Um fato é público e notório: a política vive hoje, no Brasil e no mundo, uma época de crise sem precedentes. Jamais o seu descrédito foi tão visível. Nunca o seu desprestígio foi tão evidente. Por isso mesmo, parecem cada vez mais oportunas algumas clássicas ponderações. Clássicas, contundentes e corrosivas. Como a de D’Aurevilly: “Nem os que amam a verdade nem os que adoram a beleza, podem ocupar-se da política, pois esta, por sua vez, não se ocupa de uma nem de outra”. Ou a de D’Alambert: “A guerra é a arte de destruir os homens, da mesma forma que a política é a arte de enganá-los”.

A rigor, porém, não é a política que está em crise. Esta afeta, isso sim o “homo politicus”. É cada vez mais generalizada a impressão de que os políticos, na sua maioria, são demagogos, incompetentes, corruptos, venais, cerreiristas, fisiológicos, oportunistas, desonestos pusilânimes, mentirosos.

Dir-se-á que se trata, como já disse, de mera impressão ou aparência. Mas é bom não esquecer o que Oliveira Salazar escreveu um dia: “Em política, o que parece, é.” Mas acontecerá isso apenas com a política?

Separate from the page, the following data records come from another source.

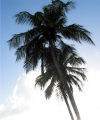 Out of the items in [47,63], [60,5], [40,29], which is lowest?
[47,63]

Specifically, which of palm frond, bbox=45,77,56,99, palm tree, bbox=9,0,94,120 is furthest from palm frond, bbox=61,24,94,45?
palm frond, bbox=45,77,56,99

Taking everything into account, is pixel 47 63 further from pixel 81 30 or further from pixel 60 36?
pixel 81 30

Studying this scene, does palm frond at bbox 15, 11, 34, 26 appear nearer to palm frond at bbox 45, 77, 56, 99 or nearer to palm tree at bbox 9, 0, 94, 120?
palm tree at bbox 9, 0, 94, 120

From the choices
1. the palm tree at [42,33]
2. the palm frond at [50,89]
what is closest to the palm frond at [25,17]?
the palm tree at [42,33]

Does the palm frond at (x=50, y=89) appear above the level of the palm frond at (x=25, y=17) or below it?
below

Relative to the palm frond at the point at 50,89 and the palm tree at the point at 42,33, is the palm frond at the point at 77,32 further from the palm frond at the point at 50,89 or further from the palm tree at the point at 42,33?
the palm frond at the point at 50,89

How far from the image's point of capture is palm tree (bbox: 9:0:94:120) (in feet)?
41.1

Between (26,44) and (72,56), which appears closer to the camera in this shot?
(26,44)

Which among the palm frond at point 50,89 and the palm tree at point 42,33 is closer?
the palm tree at point 42,33

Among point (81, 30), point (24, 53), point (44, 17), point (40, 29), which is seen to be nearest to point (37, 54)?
point (24, 53)

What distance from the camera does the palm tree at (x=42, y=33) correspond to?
12.5 metres

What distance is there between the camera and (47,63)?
544 inches

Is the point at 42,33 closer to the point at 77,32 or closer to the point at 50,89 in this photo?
the point at 77,32

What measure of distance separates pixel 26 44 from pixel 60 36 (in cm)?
301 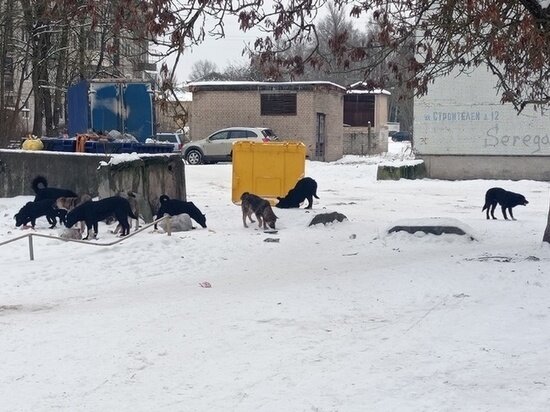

Uma das razões determinantes para que a política e os políticos tenham a imagem negativa que ostentam, talvez seja esta: trata-se de uma profissão – talvez a mais importante de todas – que não conta com genuínos e autênticos profissionais. Não há escolas nem professores de política. (Deveria haver). Os que a exercitam são, na melhor das hipóteses, esforçados diletantes – ou simples amadores. É certo que, alguns, são realmente chamados por uma vocação irresistível. Outros, porém, são movidos pelo combustível (de alta octanagem) da ambição, pelo apetite pantagruélico por uma sinecura, por um alto salário (e vantagens adicionais), pela vaidade ou mesmo pela urgência de defesa de espúrios interesses pessoais, grupais ou partidários. Uns, pretendem de fato servir – e o fazem com idealismo e competência. Outros, desejam apenas servir-se. Locupletar-se. Mas uma coisa é indiscutível: a política é, ou deveria ser, uma atividade séria. Tão séria que o imenso Platão chegou a considerá-la como “ciência régia”. E o próprio Aristóteles não hesitou em definir o homem como “zoon politikon”. Ou seja: animal político.

Mas pergunto, o que vem a ser verdadeiramente a política? Qual a sua natureza por assim dizer ontológica (essência)? Qual a sua função por assim dizer teleológica (fins)?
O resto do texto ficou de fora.